Closed hellonewman closed 2 years ago
Here's the current status of the work, at least on my end:
We can talk about this stuff more at the meeting tomorrow.
Another possibility is to convert my R script to a python script, which obviously would likely work better with Pytest. Since the work we're doing with data merges isn't terribly sophisticated, and Python can quite easily perform those data management actions (up to and including using a pseudo-R library to perform them), I think it's worth contemplating.
@maxachis and @cgmoreno to see if there's an R testing framework that could be used instead of PyTest.
Pull #69 adds the "Testtthat" R unit testing framework, along with a Github action to perform it.

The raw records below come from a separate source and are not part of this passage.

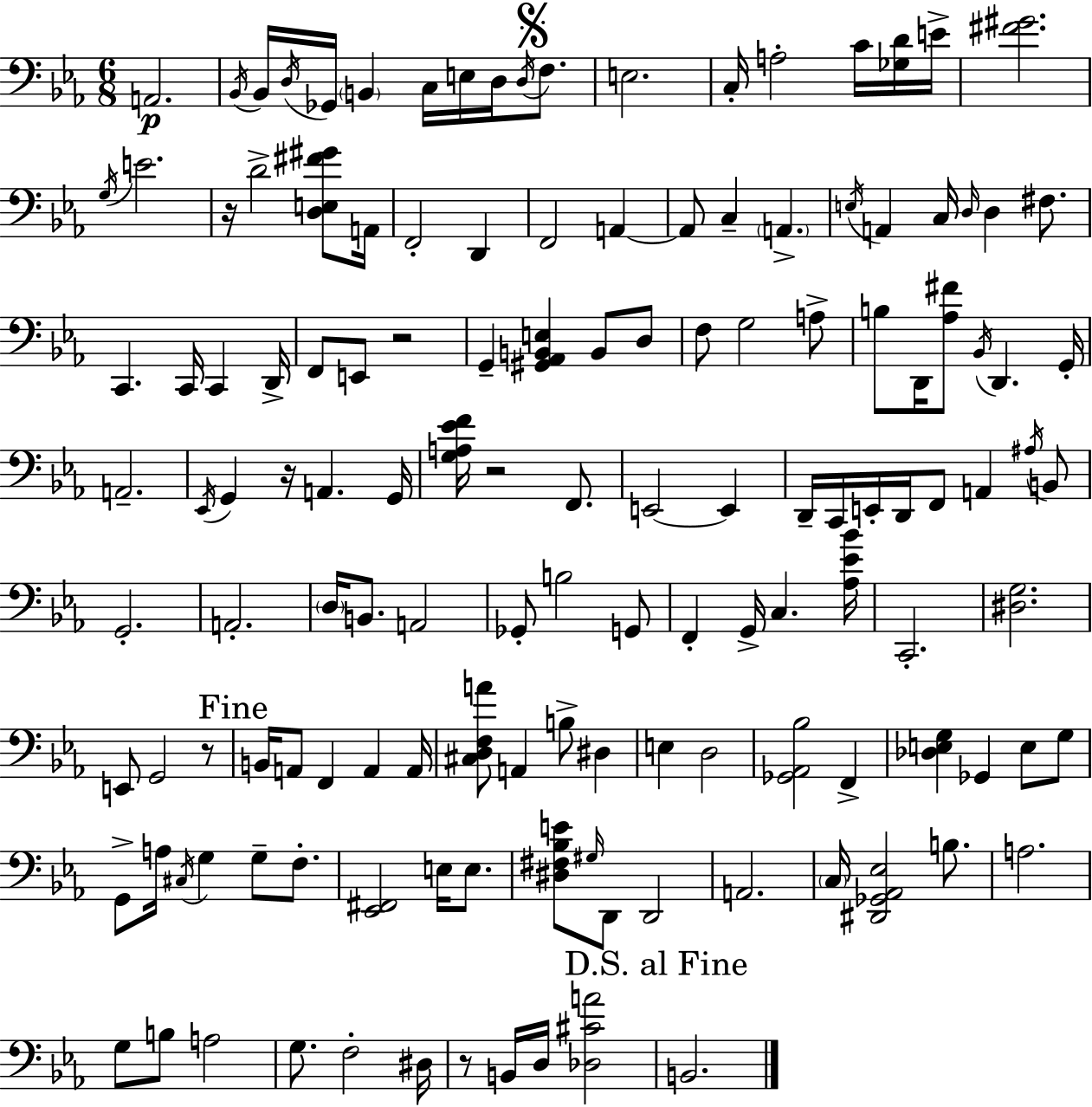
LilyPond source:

{
  \clef bass
  \numericTimeSignature
  \time 6/8
  \key ees \major
  a,2.\p | \acciaccatura { bes,16 } bes,16 \acciaccatura { d16 } ges,16 \parenthesize b,4 c16 e16 d16 \acciaccatura { d16 } | \mark \markup { \musicglyph "scripts.segno" } f8. e2. | c16-. a2-. | \break c'16 <ges d'>16 e'16-> <fis' gis'>2. | \acciaccatura { g16 } e'2. | r16 d'2-> | <d e fis' gis'>8 a,16 f,2-. | \break d,4 f,2 | a,4~~ a,8 c4-- \parenthesize a,4.-> | \acciaccatura { e16 } a,4 c16 \grace { d16 } d4 | fis8. c,4. | \break c,16 c,4 d,16-> f,8 e,8 r2 | g,4-- <gis, aes, b, e>4 | b,8 d8 f8 g2 | a8-> b8 d,16 <aes fis'>8 \acciaccatura { bes,16 } | \break d,4. g,16-. a,2.-- | \acciaccatura { ees,16 } g,4 | r16 a,4. g,16 <g a ees' f'>16 r2 | f,8. e,2~~ | \break e,4 d,16-- c,16 e,16-. d,16 | f,8 a,4 \acciaccatura { ais16 } b,8 g,2.-. | a,2.-. | \parenthesize d16 b,8. | \break a,2 ges,8-. b2 | g,8 f,4-. | g,16-> c4. <aes ees' bes'>16 c,2.-. | <dis g>2. | \break e,8 g,2 | r8 \mark "Fine" b,16 a,8 | f,4 a,4 a,16 <cis d f a'>8 a,4 | b8-> dis4 e4 | \break d2 <ges, aes, bes>2 | f,4-> <des e g>4 | ges,4 e8 g8 g,8-> a16 | \acciaccatura { cis16 } g4 g8-- f8.-. <ees, fis,>2 | \break e16 e8. <dis fis bes e'>8 | \grace { gis16 } d,8 d,2 a,2. | \parenthesize c16 | <dis, ges, aes, ees>2 b8. a2. | \break g8 | b8 a2 g8. | f2-. dis16 r8 | b,16 d16 <des cis' a'>2 \mark "D.S. al Fine" b,2. | \break \bar "|."
}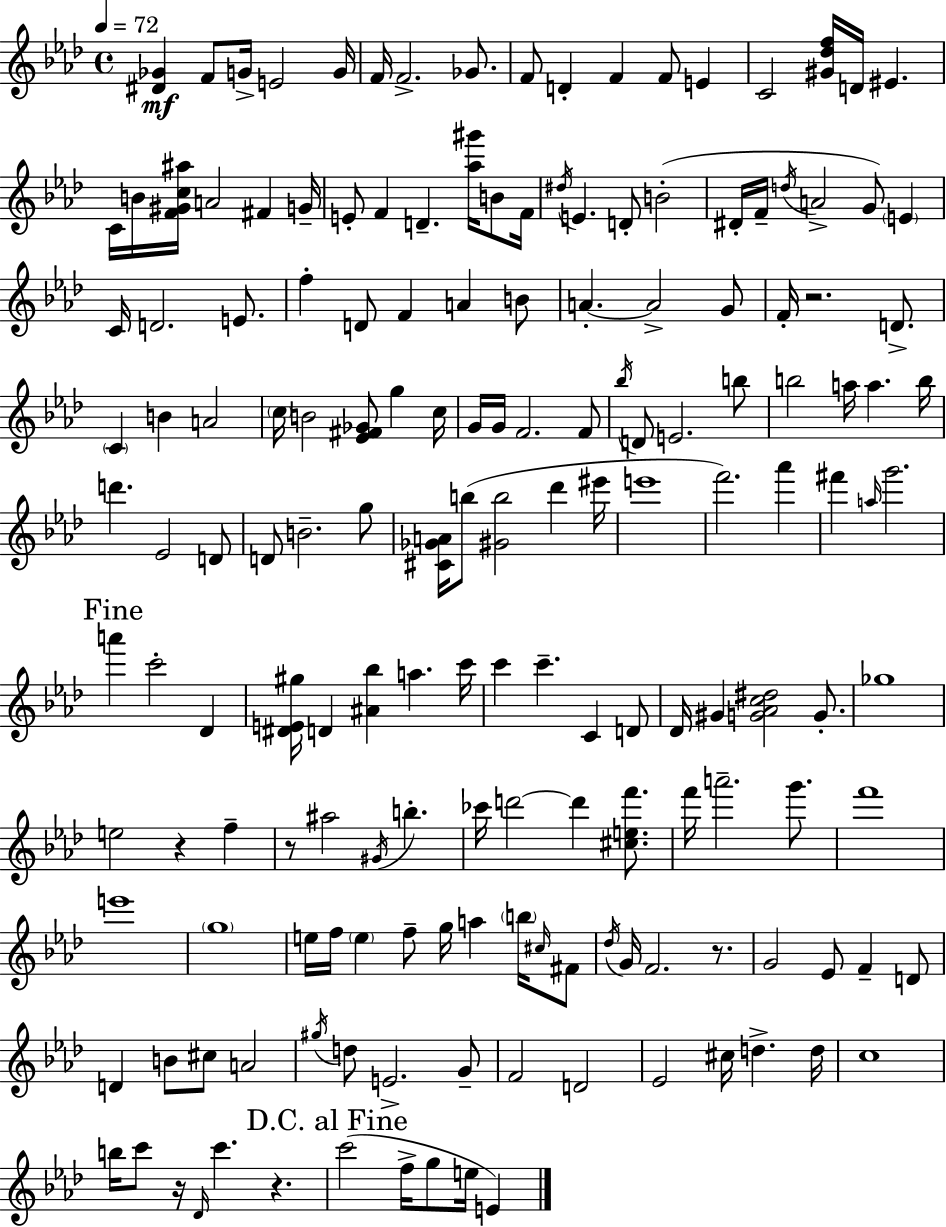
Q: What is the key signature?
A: AES major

So we now have a system where Python scripts can be tested with Pytest, and R scripts with Testthat. I also added documentation on how to create and run tests.
One disadvantage with the Testthat automation compared to the Pytest automation is that it takes a bit longer for R to install the necessary packages for the R scripts--a few minutes, leading to an overall automation runtime of ~8 minutes, while pytest currently finishes in under a minute. I wouldn't be surprised if there's a way to speed that up, but I didn't find it in my search.

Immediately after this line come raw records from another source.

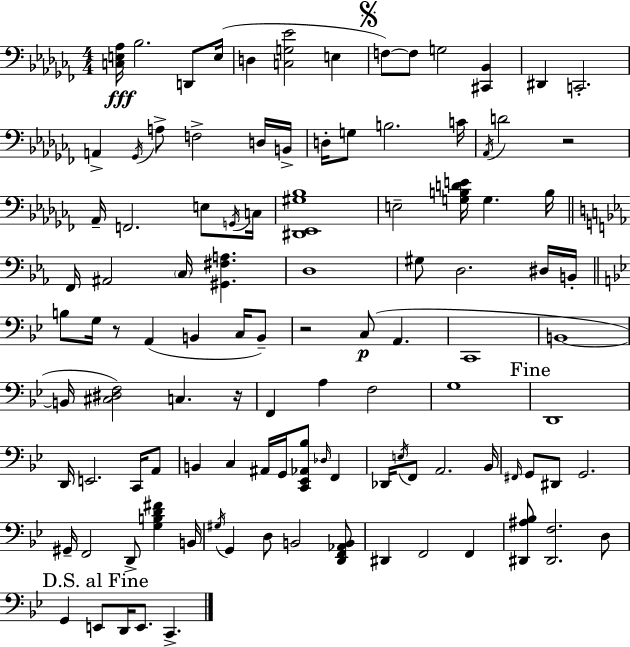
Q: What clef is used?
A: bass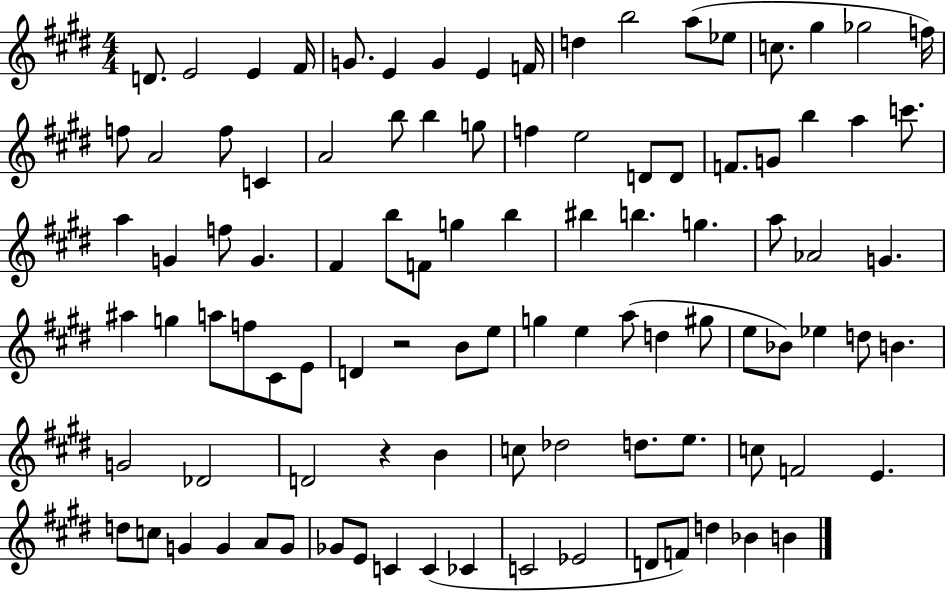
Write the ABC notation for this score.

X:1
T:Untitled
M:4/4
L:1/4
K:E
D/2 E2 E ^F/4 G/2 E G E F/4 d b2 a/2 _e/2 c/2 ^g _g2 f/4 f/2 A2 f/2 C A2 b/2 b g/2 f e2 D/2 D/2 F/2 G/2 b a c'/2 a G f/2 G ^F b/2 F/2 g b ^b b g a/2 _A2 G ^a g a/2 f/2 ^C/2 E/2 D z2 B/2 e/2 g e a/2 d ^g/2 e/2 _B/2 _e d/2 B G2 _D2 D2 z B c/2 _d2 d/2 e/2 c/2 F2 E d/2 c/2 G G A/2 G/2 _G/2 E/2 C C _C C2 _E2 D/2 F/2 d _B B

My next step is likely to modularize my merge_duplicates.R script so that it is more test-friendly. As is, it has hard-coded references to input and output file locations, which makes it difficult to swap in different inputs to test. Modularization should hopefully also make it easier to pipeline.
@conorotompkins will see if auto_text_process_name.R can be improved to catch more cases. Use data processed by auto_agg_clean_data.R from "food-data/Cleaned_data_files".
@hellonewman @cgmoreno what level of missingness are we willing to accept for "type"? it is at 20% missing right now.
@conorotompkins sorry I only replied in my head! 20% seems reasonable to me.
4/13: MAX and MATT to discuss whether machine learning can replace the need for unit testing.
To clarify, the machine learning is optimizing the duplication identification, not replacing it. So Unit testing still going on, and we can always add more tests.
To-Do List for Unit Tests:
We can always add more unit tests, but I think just giving some basic coverage to all the functions in our data flow would be a good idea.
Larry fixed!
We want to get the dedupe function as accurate as possible. @maxachis is working on some documentation for the tests. Anyone is welcome to work on testing!